▶ _Exercise objective_
All lines in the entries below that hold "female" make up the answer.

Records drawn from a dataset:
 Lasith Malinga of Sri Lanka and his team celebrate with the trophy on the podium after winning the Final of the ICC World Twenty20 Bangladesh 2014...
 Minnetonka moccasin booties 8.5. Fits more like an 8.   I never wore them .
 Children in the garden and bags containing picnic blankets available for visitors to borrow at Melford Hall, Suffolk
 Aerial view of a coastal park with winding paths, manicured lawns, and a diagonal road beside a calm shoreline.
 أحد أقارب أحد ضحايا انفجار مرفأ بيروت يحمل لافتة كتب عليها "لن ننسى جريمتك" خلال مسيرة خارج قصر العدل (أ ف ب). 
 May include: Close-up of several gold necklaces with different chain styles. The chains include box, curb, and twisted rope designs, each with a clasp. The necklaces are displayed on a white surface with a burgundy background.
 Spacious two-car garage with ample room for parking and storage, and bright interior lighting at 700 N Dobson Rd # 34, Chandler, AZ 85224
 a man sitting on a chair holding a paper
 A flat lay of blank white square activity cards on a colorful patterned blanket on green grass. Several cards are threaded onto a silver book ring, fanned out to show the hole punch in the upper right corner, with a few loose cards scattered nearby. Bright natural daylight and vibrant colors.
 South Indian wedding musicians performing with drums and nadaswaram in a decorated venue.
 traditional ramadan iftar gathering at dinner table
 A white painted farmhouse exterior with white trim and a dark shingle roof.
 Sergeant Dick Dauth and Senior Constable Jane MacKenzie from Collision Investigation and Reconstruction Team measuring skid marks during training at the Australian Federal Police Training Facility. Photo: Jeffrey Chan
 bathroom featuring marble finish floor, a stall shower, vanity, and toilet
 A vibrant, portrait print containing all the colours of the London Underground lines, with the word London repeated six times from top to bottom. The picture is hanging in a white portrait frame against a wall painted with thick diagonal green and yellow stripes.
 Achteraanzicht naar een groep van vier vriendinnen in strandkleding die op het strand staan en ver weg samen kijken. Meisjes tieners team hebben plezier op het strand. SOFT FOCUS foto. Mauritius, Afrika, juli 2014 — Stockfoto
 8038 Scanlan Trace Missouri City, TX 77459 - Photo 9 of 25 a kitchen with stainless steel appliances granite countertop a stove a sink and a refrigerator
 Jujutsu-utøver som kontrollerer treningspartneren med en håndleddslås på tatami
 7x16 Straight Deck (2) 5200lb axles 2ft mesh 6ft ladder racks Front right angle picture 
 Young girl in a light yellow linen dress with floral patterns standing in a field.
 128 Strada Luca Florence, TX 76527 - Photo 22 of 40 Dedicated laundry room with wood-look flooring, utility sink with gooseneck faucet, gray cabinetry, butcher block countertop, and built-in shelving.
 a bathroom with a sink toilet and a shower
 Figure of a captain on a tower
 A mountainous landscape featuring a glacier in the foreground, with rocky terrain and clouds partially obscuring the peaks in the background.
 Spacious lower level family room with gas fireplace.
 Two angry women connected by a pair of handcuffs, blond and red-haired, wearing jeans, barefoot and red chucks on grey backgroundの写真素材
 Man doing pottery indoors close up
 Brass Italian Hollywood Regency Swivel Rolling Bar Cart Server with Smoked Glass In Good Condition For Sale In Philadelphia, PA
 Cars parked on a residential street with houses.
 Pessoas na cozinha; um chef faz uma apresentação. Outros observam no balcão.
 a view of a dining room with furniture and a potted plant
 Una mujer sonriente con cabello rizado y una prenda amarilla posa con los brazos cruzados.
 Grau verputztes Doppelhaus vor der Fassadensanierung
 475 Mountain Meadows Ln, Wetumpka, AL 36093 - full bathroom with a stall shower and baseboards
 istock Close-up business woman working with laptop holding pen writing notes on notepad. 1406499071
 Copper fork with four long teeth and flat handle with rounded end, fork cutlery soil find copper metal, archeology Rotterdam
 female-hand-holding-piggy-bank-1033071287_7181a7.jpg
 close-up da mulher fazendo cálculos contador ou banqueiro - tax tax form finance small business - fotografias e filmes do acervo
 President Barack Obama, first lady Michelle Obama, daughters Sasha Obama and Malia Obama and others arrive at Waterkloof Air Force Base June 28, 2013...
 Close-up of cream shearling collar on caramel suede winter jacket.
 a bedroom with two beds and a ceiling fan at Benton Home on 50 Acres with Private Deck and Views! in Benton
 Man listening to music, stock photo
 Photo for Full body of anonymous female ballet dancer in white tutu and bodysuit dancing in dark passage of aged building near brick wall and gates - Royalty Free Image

▶ _Written response_
 female-hand-holding-piggy-bank-1033071287_7181a7.jpg
 Photo for Full body of anonymous female ballet dancer in white tutu and bodysuit dancing in dark passage of aged building near brick wall and gates - Royalty Free Image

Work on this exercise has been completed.